Demo:listen: Besotten

Some demos crush, but Besotten’s demo buries its listener, slowly and without remorse. In Filth It Will Be Found spans almost seventeen minutes across its three tracks, during which time, amidst one of the most noxious atmospheres heard on a death metal demo in years, the Portland, OR three-piece swing their corroded pendulum between bestial death and decaying death-doom.

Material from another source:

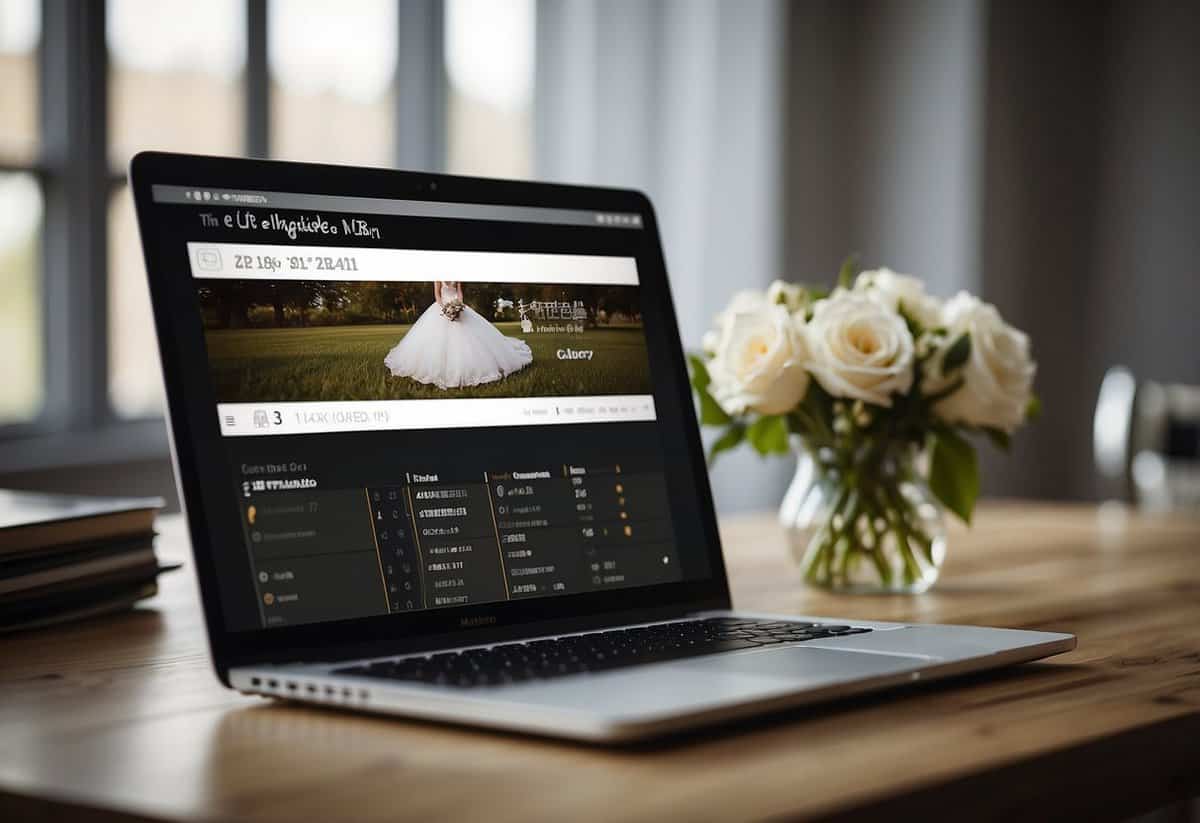 A computer screen displaying a wedding website with a cursor hovering over the "Delete" button. A calendar on the wall shows the wedding date passed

A true gem of raw potential, bespeaking both a powerful future while simultaneously appeasing those lachrymose shades of death-doom past and their rigid expectations. 

Turns out Decibel had a little something to do with it, too. According to Besotten’s bassist/vocalist, Garth Purkett, a “huge credit” is owed “to Decibel” for Besotten becoming what you hear playing below. Garth and Besotten’s drummer Andy O. “attended Decibel Metal & Beer Fest 2018.” According to Garth, “experiencing Spectral Voice live for the first time was so brutal and devastating that it altered our musical brain chemistry—like a B.C. to A.D. moment—and inspired us to pick up our instruments again after a long hiatus to create our own vision within this disgusting genre.”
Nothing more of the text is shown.